Happiness is a piece of crusty country bread with a healthy swipe of ricotta cheese (Salvatore Brooklyn, get on it) and an added layer of the fermented green garlic.
Magic mushrooms are real, and non-hallucinogenic: They're cooked in a stick of butter and tossed with fermented hot green garlic. You're welcome.
It's an unlikely pair—remember Tom Cruise and Cher? (That happened, yep.) But it works. The sticky, sweet honey adds buffers the fermented green garlic and makes it a fantastic beef marinade, toast spread, or cheese plate condiment.
Douse plain Greek yogurt with olive oil, salt, and pepper, then spoon the fermented hot green garlic over top. Taste familiar? It's basically sour cream and onion dip, except way more sophisticated.

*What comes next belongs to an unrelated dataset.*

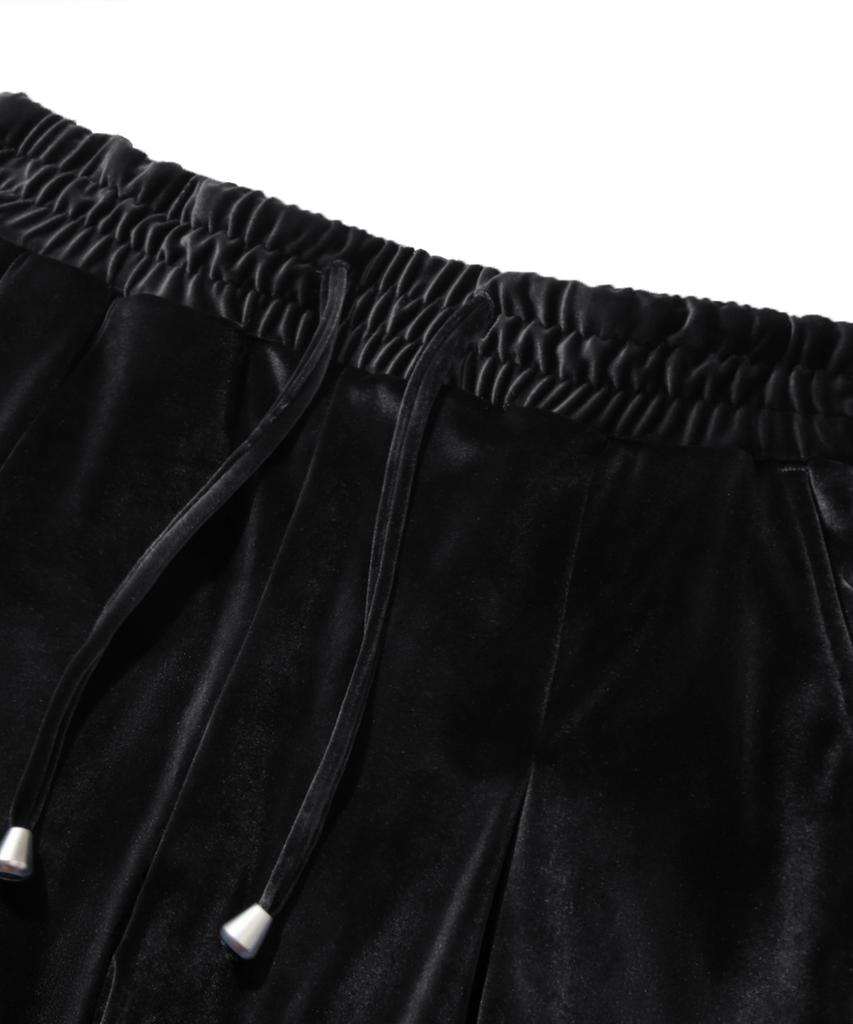 TRILLION Velvet Inverted Tuck Wide Pants [Black]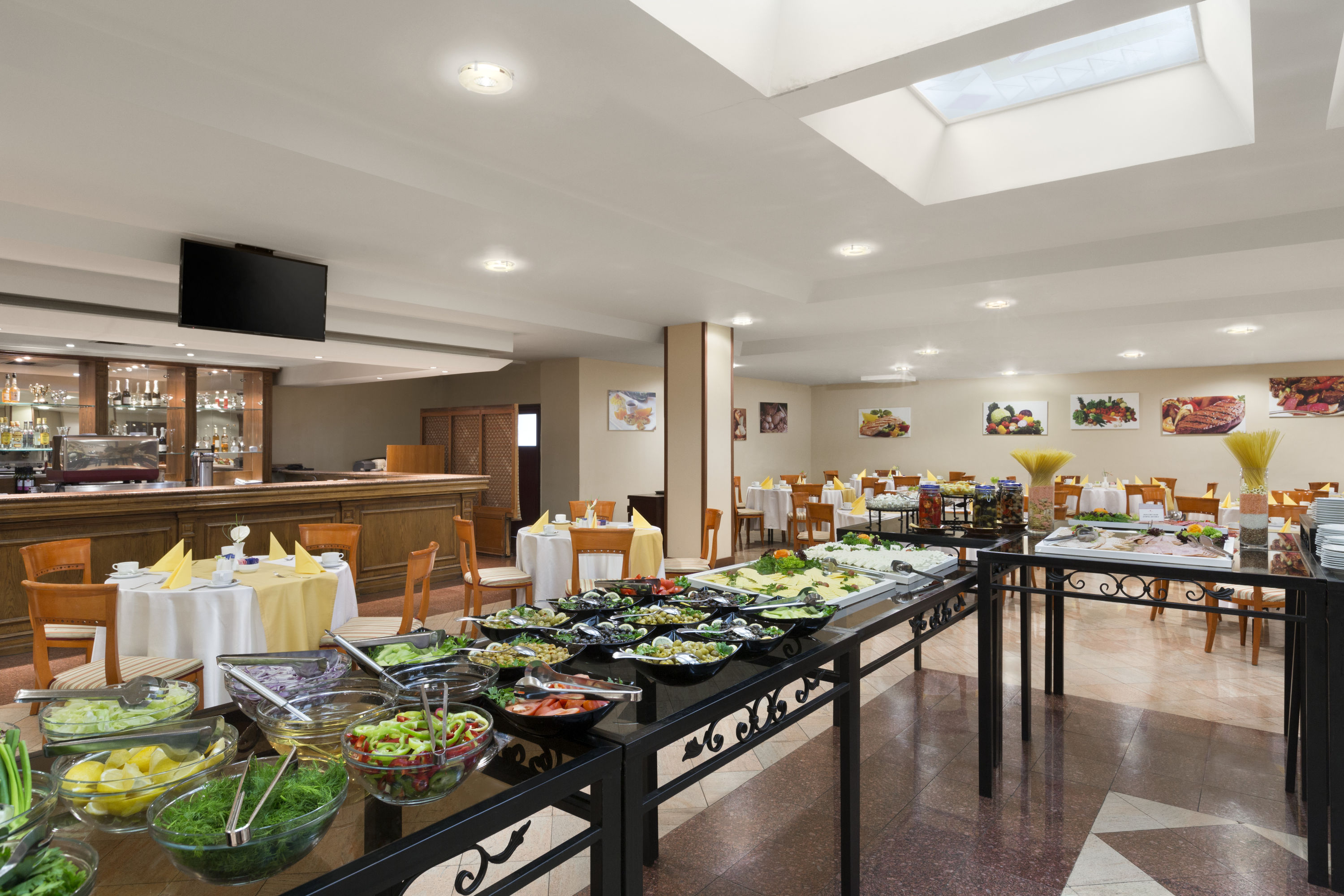 Ramada by Wyndham Sofia City Center restaurant in Sofia, Other than US/Canada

The simple turkey sandwich tastes like you got it from a haute deli when you spread some of the hot fermented green garlic on it.
Goat cheese, we've never seen this side you, truly. Humboldt Fog has never been more alive than it is eaten by the spoonful with a generous helping of the hot fermented garlic. Any milky goat cheese will work.
Your favorite noodle dish has peanut sauce, right? With scallions too, yeah? Same deal goes here: Combine nut butter like peanut or almond butter with the hot fermented garlic and appreciate the beauty of savory, nutty sweetness.
Sub in hot fermented green garlic for your standard garlic cloves and give your pesto a new lease on life.
Breakfast will never be the same. Seriously, try any egg preparation—fried, scrambled, poached, hardboiled—and combine it with hot fermented green garlic. Zero extra seasoning effort required.